PROBLEM STATEMENT: When you copy the data that follows, reproduce every word exactly and leave out the images.

Web page caption snippets:
++++

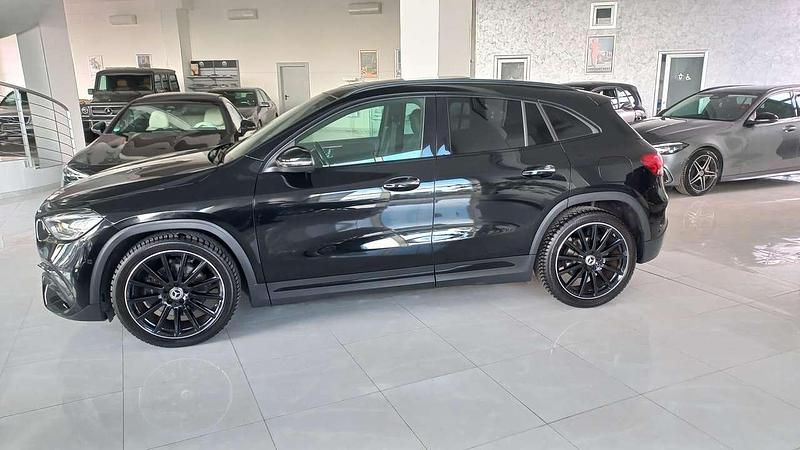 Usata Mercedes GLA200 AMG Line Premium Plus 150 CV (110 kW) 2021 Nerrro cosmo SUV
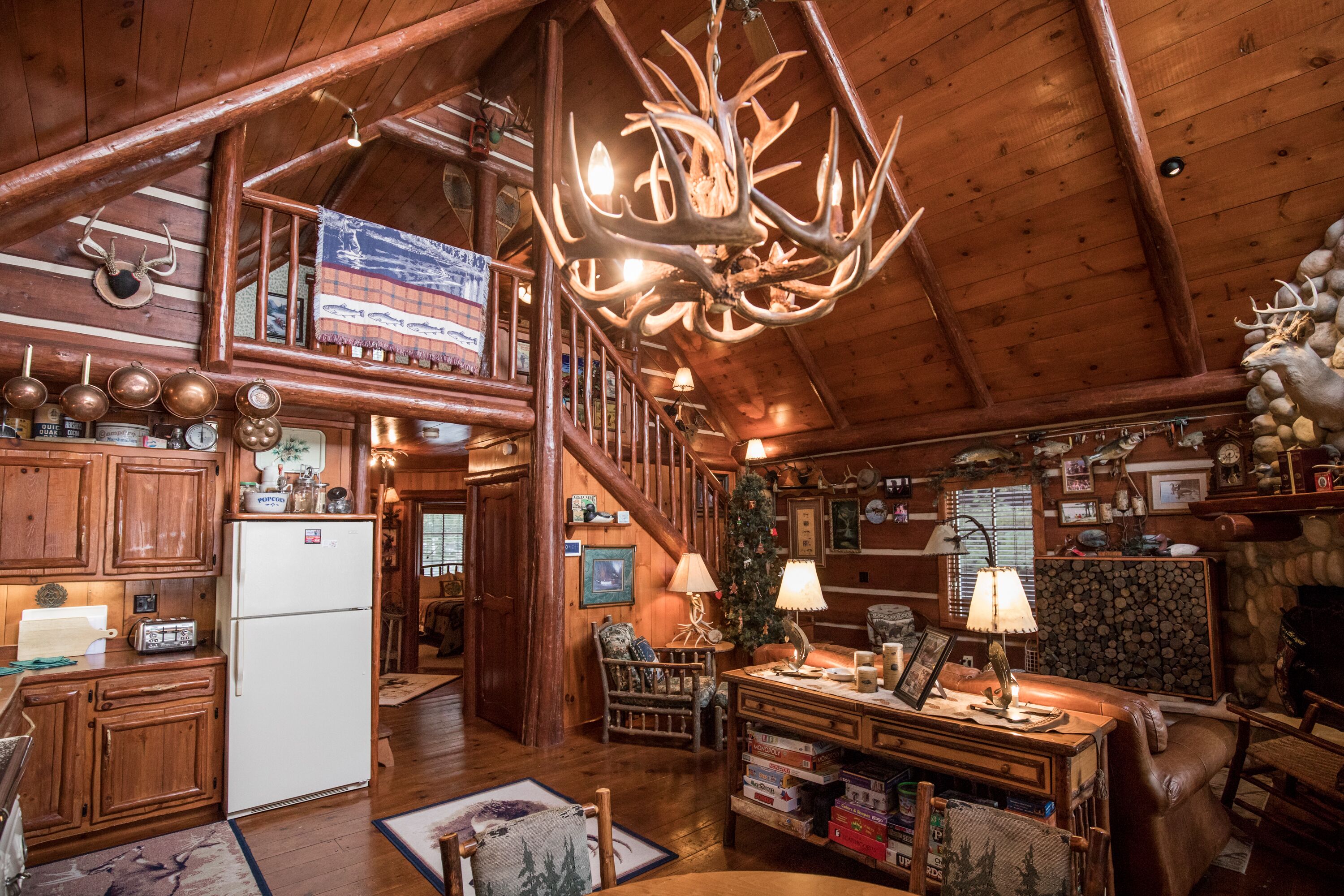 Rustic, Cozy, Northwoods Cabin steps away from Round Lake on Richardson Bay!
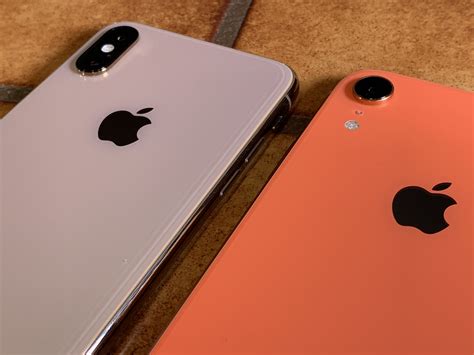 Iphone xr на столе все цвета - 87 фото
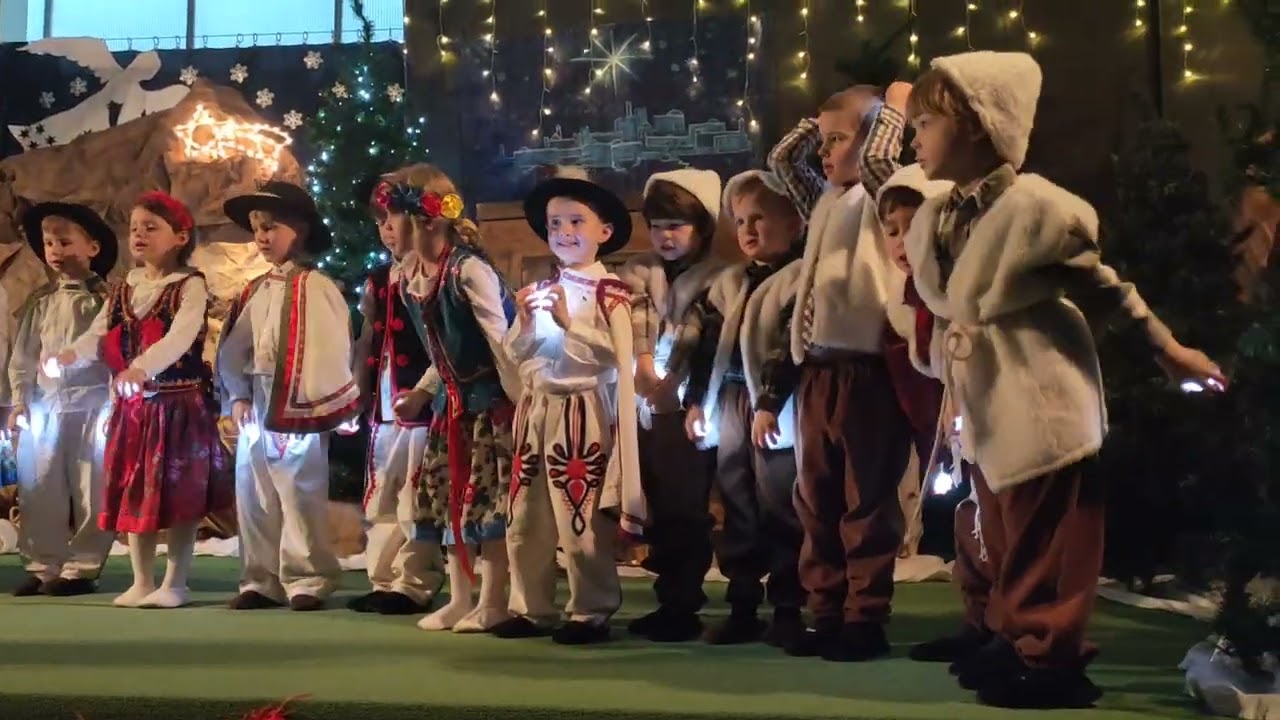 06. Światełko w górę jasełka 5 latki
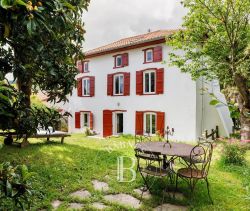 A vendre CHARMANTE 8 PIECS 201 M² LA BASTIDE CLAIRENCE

++++

TASK ANSWER:
 Usata Mercedes GLA200 AMG Line Premium Plus 150 CV (110 kW) 2021 Nerrro cosmo SUV
 Rustic, Cozy, Northwoods Cabin steps away from Round Lake on Richardson Bay!
 Iphone xr на столе все цвета - 87 фото
 06. Światełko w górę jasełka 5 latki
 A vendre CHARMANTE 8 PIECS 201 M² LA BASTIDE CLAIRENCE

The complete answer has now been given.